So what? 24/7 builds up to fragility like the NYC subway system or has huge cost...

paxys · on Sept 18, 2019

A website is not a subway system. There are no "huge costs" to having basic rolling deployments set up. In fact it's likely more expensive to have extended outages and maintenance windows, because it shows that there are humans running commands behind the scenes rather than automation.

stevenpetryk · on Sept 18, 2019

Just wondering (sort of—I'm also slightly trying to point out that you're being a bit of an armchair Reddit ops person :)

What makes you think that the issue Reddit faced today would be fixed by rolling deploys?

paxys · on Sept 18, 2019

I definitely am (but we are on Hacker News after all).

Without knowing anything about this particular issue, at a basic level I'd think any non-trivial site should have a system of rolling out changes to a small percentage of servers and have automated monitoring that fires alerts if it notices any disruptions in functionality. If nothing goes wrong then gradually roll out to 100%. If something does then stop the rollout and go back to the last stable version. Then engineers can look at what went wrong.

hobofan · on Sept 19, 2019

From my experience that mostly only applies to the application layer. Especially updates on distributed databases are often not as easy as "stop and rollback" as you have to achieve a stable quorum or other similar dynamic states like that which you can't easily achieve from restoring a snapshot. There your best shot often is to learn how to deal with all the failure scenarios manually and do as many tests on a staging system until you feel comfortable.

reilly3000 · on Sept 18, 2019

The revenue per minute of these sites is in the hundreds of thousands of dollars. While that can be budgeted for if needed, its not just inconvenient for users, it could mean missing a revenue target.

manigandham · on Sept 18, 2019

No site is that high other than Google or Facebook. Reddit is actually pretty poor in revenue generated and can easily make up for lost inventory with more ads on the page.

jzwinck · on Sept 18, 2019

I don't think Reddit grosses a hundred billion USD per year. Do you?
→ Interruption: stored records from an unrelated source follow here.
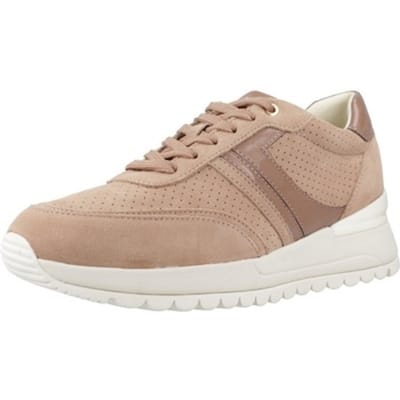 Sneakers Geox D Desya A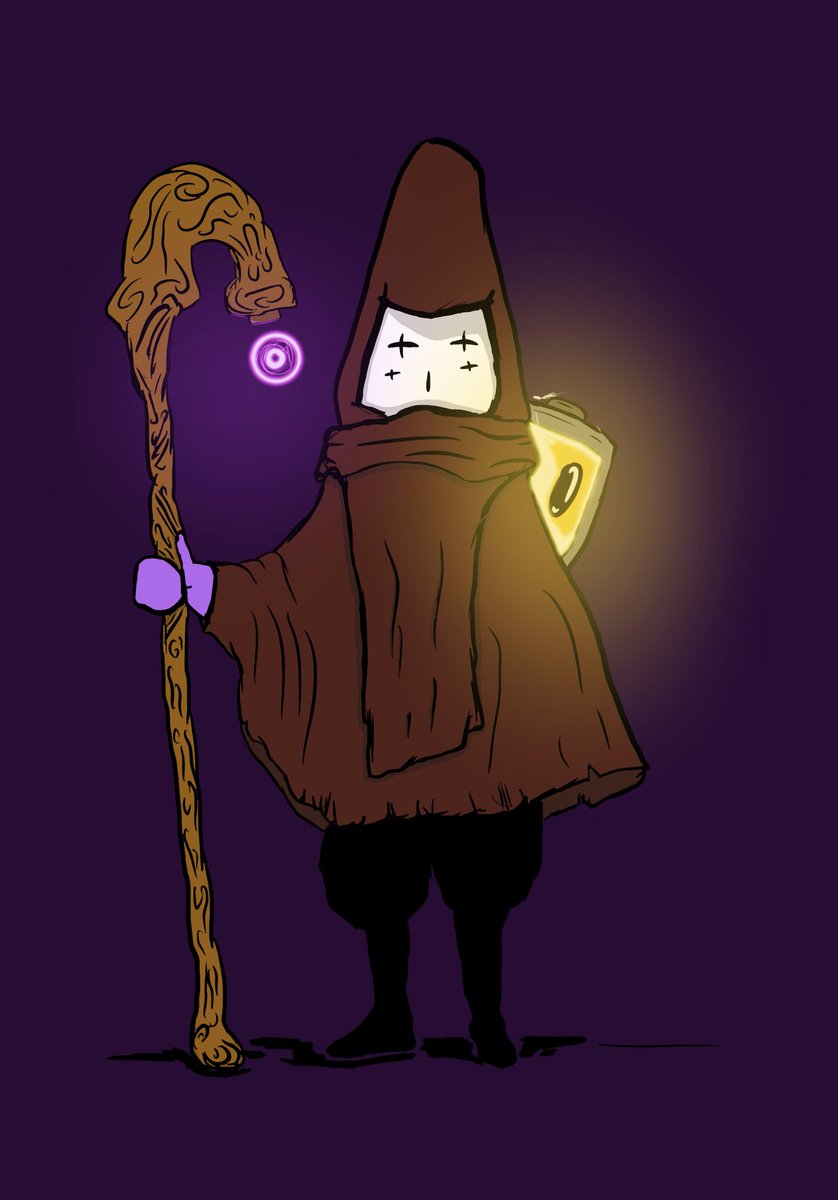 369_society's tweet photo. We are currently working on the B6 NFT-Collection which is nothing else than the full body-concept of the B3 Brainiacs.

What do you think of the artwork?

„369… then you might have the key to the universe.“

#NFT #NFTCommunity #NFTCollection https://t.co/8g0MCyJgR4
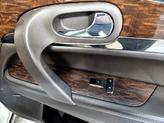 Thumbnail of 2014 White Buick Enclave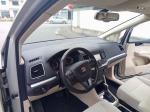 seat-alhambra-2011-diesel-1968cc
That would put it very close to Microsoft.

reilly3000 · on Sept 18, 2019

Right. Reddit's ad revenue is forecasted at 100M this year, so ~$190/min. I was more referring to Facebook's $65B annual revenue, which is $123,668 / min. That's like an FTE's annual salary each minute, so throwing people at uptime has lots of ROI.

triceratops · on Sept 19, 2019

A subway system serves only one timezone. A website can potentially need to serve every timezone.

ping_pong · on Sept 18, 2019

It's more the fact that the engineers working there should be embarrassed, not that it's important. You would think that the engineers there would be able to improve their infrastructure after a few years but it's still as flaky now as it was a few years ago. That doesn't speak well of the caliber of engineers there.

steve_adams_86 · on Sept 18, 2019

That's unfair. Engineers don't always get to exercise their skills or best practices if their CTO gets in the way. Or if other external obstacles block the CTO. I've worked with very talented people who are totally wasted because the company just doesn't care to get the tech right when it comes down to making that investment.

Autonomy to get things right when it's the right call is sort of a rarity and a real luxury in my experience. I've built a ton of things I knew could have been built better if the rest of the company saw the value in doing so.

When given the option to do your job as asked or quit because you don't have your way, I'd rather just do my job and wait for opportunities to improve things if they present themselves.